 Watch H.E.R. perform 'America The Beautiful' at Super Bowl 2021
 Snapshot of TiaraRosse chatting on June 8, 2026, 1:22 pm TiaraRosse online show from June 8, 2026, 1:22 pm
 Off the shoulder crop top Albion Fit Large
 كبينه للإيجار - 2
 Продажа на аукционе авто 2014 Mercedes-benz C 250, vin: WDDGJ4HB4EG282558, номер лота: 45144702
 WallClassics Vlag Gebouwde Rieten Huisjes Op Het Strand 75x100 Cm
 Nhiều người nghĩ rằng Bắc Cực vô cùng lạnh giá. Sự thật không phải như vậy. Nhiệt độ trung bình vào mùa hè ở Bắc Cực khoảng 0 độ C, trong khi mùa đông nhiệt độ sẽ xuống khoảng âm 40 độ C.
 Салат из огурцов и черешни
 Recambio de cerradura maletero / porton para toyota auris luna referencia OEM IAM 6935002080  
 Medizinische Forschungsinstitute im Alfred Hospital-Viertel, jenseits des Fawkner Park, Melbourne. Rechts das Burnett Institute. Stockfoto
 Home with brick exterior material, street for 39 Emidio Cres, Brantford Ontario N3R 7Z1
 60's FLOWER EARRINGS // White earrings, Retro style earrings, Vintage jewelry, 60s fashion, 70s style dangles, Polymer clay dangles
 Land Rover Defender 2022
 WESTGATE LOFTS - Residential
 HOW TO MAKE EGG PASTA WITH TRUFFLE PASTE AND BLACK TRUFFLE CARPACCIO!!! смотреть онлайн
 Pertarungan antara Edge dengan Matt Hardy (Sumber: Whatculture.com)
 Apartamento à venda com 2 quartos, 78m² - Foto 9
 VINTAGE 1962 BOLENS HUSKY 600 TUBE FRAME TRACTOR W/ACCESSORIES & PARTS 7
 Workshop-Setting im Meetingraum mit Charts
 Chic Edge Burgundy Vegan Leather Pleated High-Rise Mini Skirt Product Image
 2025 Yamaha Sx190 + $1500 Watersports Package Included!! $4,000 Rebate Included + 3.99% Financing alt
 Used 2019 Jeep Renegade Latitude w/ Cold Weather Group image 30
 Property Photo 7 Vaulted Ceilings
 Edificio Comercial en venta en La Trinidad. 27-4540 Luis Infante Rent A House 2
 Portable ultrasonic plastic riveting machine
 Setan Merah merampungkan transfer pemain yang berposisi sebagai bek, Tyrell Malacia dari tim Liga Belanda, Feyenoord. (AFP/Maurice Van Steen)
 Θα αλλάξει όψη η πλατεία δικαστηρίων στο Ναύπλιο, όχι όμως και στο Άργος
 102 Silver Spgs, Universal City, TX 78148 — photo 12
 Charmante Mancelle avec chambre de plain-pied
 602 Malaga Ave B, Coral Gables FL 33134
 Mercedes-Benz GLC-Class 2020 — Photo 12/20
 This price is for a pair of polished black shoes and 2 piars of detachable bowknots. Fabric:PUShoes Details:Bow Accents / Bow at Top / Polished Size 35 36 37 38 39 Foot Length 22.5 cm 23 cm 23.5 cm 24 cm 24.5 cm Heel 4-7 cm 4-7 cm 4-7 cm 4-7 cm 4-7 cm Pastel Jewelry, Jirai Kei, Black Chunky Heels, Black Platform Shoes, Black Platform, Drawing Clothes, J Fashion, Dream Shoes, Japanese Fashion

--*--

Please write out, exactly as they appear above, only the lines in the stretch from the line with "Chic Edge Burgundy" through the line with "Edificio Comercial en".

 Chic Edge Burgundy Vegan Leather Pleated High-Rise Mini Skirt Product Image
 2025 Yamaha Sx190 + $1500 Watersports Package Included!! $4,000 Rebate Included + 3.99% Financing alt
 Used 2019 Jeep Renegade Latitude w/ Cold Weather Group image 30
 Property Photo 7 Vaulted Ceilings
 Edificio Comercial en venta en La Trinidad. 27-4540 Luis Infante Rent A House 2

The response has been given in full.